The reason of common misunderstanding is mutation of instance not change of the reference.

   void mutationTest(List list) {

         list.add("mutationOfList"); // In this case we mutate the object that reference point.
   }

Answer 6

The ArrayList object is actually on the heap. The ArrayList object always stays where it is on the heap.

Your reference "list" (of type List) is "pointing" to that object on the heap. Or said another way: "list" contains the memory address of that object!

When you pass that reference to another method - you are passing the location of that object on the heap. Or said another way: you are passing the address of the (stationary) object on the heap from one method to another method.

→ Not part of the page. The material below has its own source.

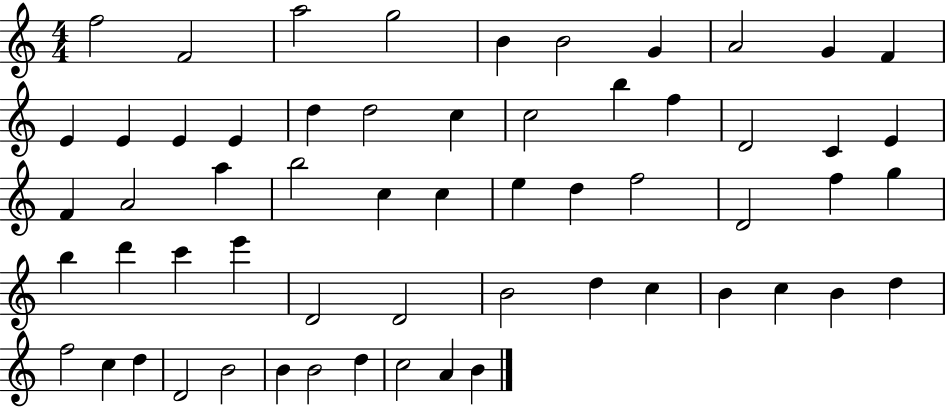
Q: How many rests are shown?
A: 0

When the breakstuff method uses the "l" reference it will modify the object that "l" points at.

A stupid, but informing analogy: You aim a magic rifle at a red deer on the hill beside your house. You then post the rifle to a friend in the next town. When the friend looks through the rifle sight the rifle immediately turns and points to the hill with the that red deer.

Answer 7

Are you familiar with another language? A comparison would be instructive.

Java code:

public class HelloWorld {
    public static void main(String[] args)
    {
        List list = new ArrayList();
        list.add("test1");
        breakStuff(list);
        System.out.println(list.toString());
    }

    public static void breakStuff( List l ) {
        l.add("test2");
    }
}

equivalent C++:

class HelloWorld {
public:
    static void main(String[] args)
    {
        List *list = new ArrayList();
        list->add("test1");
        breakStuff(list);
        System::out->println(list->toString());
    }

    static void breakStuff( List *l ) {
        l->add("test2");
    }
}

Would you say there is pass by reference here in the C++? Or all pass by value?